During the evacuation the school buildings in Seaford were taken over by the French Canadians. They used the weather vane for target practise and shot off the North, South, East and West which were later found after the war in the flower beds in the garden.

All very light hearted memories, of no importance but I hope they are of some interest to you!


Wonderful! I do believe these memories are important, though. The numbers—how many children were relocated, what transportation, average distance travelled, destinations, costs, etc. —are, I'm sure, readily available on-line and in dusty books. The facts and the figures, however, don't really tell the human part of the story.

These recollections help me—and all of us—envision a time and a way of life that's disappearing all too quickly, no matter on which side of the Atlantic one resides. Memories of things like the fire drills, the rogue gardener, the clotted cream, and the Italian prisoners help re-create it all in a way that makes television programmes like Foyle's War so popular—at least here in the States.

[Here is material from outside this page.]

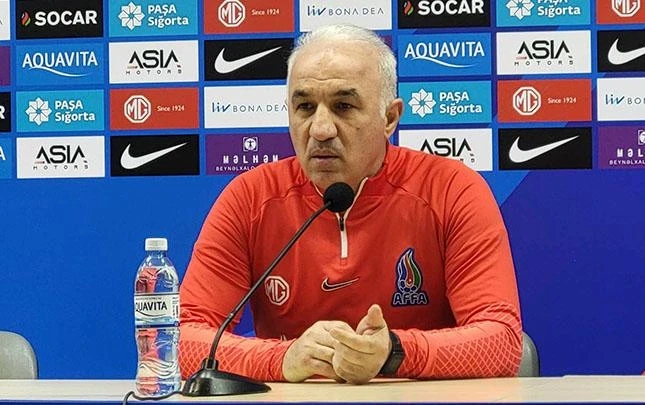 Arif Əsədov Azərbaycan milli komandasının qələbəsiz seriyası və gələcək oyunlar barədə danışıb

Perhaps the most enduring pop-cultural reference to Britain's evacuation of children during World War II comes in the first chapter of C.S. Lewis's The Lion, the Witch and the Wardrobe, as described in Wikipedia : "The story begins in 1940 during World War II, when four siblings—Peter, Susan, Edmund, and Lucy Pevensie—are evacuated from London to escape the Blitz. They are sent to live with Professor Digory Kirke, who lives in a country house in the English countryside."

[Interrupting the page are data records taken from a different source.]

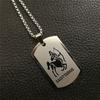 Skorpion 12 Konstelacji Naszyjnik Prezenty Urodzinowe Kolor Złoty Stal Nierdzewna Amulet Wisiorek Znak Zodiaku Biżuteria Collier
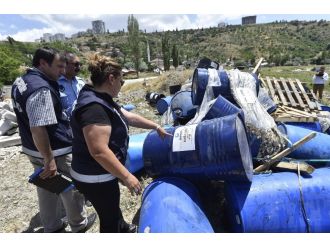 Ankara’da ’kimyasal madde’ operasyonu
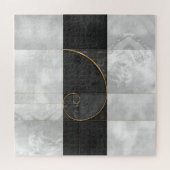 Golden Spiral - Sacred Geometry Legpuzzel (Horizontaal)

In Lewis's novel there is no reference to where, exactly, the children had been relocated, but it's easy to imagine that, had those Sons of Adam and the Daughters of Eve not become involved in their adventures beyond the wardrobe, they may have instead explored the area around Professor Kirke's country house and had much less fantastic, but quite meaningful, adventures like Ann's above.

How does any of this truly relate to George Mills? First, George lived in this world, and it was far less idyllic than as was perceived by young Ann. Mills returned to the military in 1940, becoming a second lieutenant army paymaster at the age of 40, assuring us that he was keenly aware of his duty during the conflict as well as the dangers for himself and his nation. Understanding the world in which Mills lived provides context for understand the man himself.

Secondly—and as always seems to happen when we study George Mills—we find there is a Sussex connection.

During George's time as a schoolmaster at Warren Hill School in Meads late in the decade of the 1920s, he must have been acquainted with writers (and sisters-in-law) Kitty Barne and Noel Streatfeild. Mills was not a writer at the time, and would not become a published author until the appearance of his breakthrough novel Meredith and Co.: The Story of a Modern Preparatory School on bookshelves in 1933. George had taught with Kitty's husband, and Noel's brother, musician Eric Streatfeild in Eastbourne.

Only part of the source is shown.